In a number of publications, we used a simple energy-based lake balance model to estimate precipitation and evaporation during highstands of paleolakes in Argentina and Kenya. The highstands were reconstructed from radiocarbon-dated paleoshorelines of landslide-dammed lakes and closed-basin rift lakes. Here we publish the MATLAB code to estimate the evaporation over land surface and water surface, which is the core of the lake-balance model used in our research.

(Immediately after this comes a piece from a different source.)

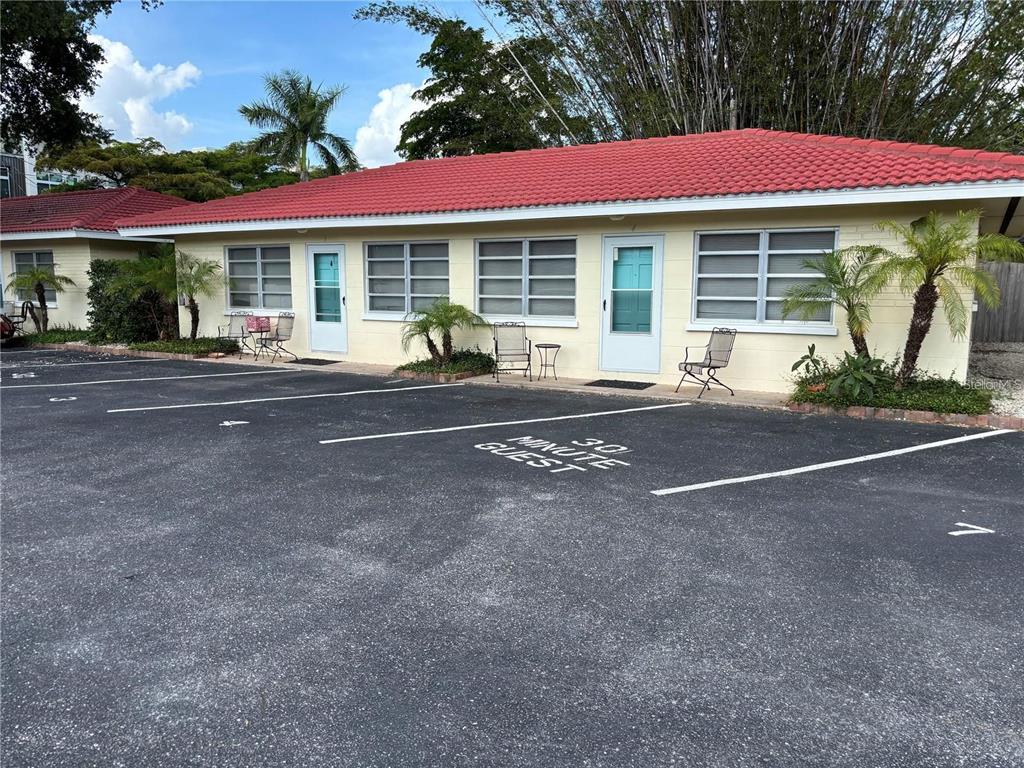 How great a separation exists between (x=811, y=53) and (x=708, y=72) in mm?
2348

Lake-balance models compute an equilibrium lake level for closed-basin lakes using the balance between basin-averaged precipitation and evaporation. Whereas the value of precipitation P is in principle easy to measure, evaporation E is extremely difficult to estimate. In most cases, E is calculated using empirical equations incorporating the environmental setting and climatic parameters such as temperature, relative humidity, windspeed and cloud coverage. Two different modelling approaches are commonly used for estimating evaporation with respect to atmospheric conditions, the energy-budget and bulk-transfer methods. The energy budget method evaluates the incoming and outgoing radiation at the earth’s surface. The bulk transfer method parameterizes evaporation in terms of wind speed and surface characteristics.
Working on landslide-dammed lakes in Argentina with Manfred Strecker, the idea to model the climate conditions about 30,000 years ago in the Cafayate basin in NW Argentina came from physicist and colleague Kirk Haselton. He suggest to use the Mathematica code of Lenters and Cook (1999) as a starting point for our model. Bodo Bookhagen, coadvised by Kirk Haselton and myself as a diploma student, translated the Mathematica code to MATLAB and started to model the environmental conditions when numerous large landeslides occurred in the NW Argentine Andes. I revised the model several times, before it was used by other diploma and doctoral students, such as Andreas Bergner, Miriam Dühnforth, Annett Junginger and Sven Borchardt.
The latest version is available for download and uses example parameters of a basin in East Africa. Please cite Bookhagen et al. (2001) and Lenters and Cook (1999) as the reference if you wish to use the model and the code for your own work. The paper contains a detailed description of the theoretical background and the equations used by the model. No representations are made about the suitability of this code for any purpose. It is provided as is without express or implied warranty.
Bergner, A.G.N., Trauth, M.H., Bookhagen, B. (2003) Paleoprecipitation estimates for the Lake Naivasha basin (Kenya) during the last 175 k.y. using a lake-balance model. Global and Planetary Change, 36/1-2, 117-135.
Bookhagen, B., Haselton, K.R., Trauth, M.H. (2001) Hydrological modelling of a Pleistocene landslide-dammed lake in the Santa Maria Basin, NW Argentina. Palaeogeography Palaeoclimatology Palaeoecology, 169, 113-127.
Borchardt, S., Trauth, M.H. (2012) Remotely-sensed evapotranspiration estimates for an improved hydrological modeling of the early Holocene mega-lake Suguta, northern Kenya Rift. Palaeogeography, Palaeoclimatology, Palaeoecology, 361-362, 14-20.
Dühnforth, M., Bergner, A.G.N., Trauth, M.H. (2006) The hydrological budget of the Nakuru-Elmenteita basin, Central Kenya Rift, during the Early Holocene wet period. Journal of Paleolimnology, 36, 281-294.
Junginger, A., Trauth, M.H. (2013) Hydrological constraints of paleo-Lake Suguta in the Northern Kenya Rift during the African Humid Period (15 – 5 ka BP). Global and Planetary Change, 111, 174–188.
Lenters, J.D., Cook, K.H. (1999) Summertime precipitation variability over South America: role of the large-scale circulation. Monthly Weather Review 127, 409-431.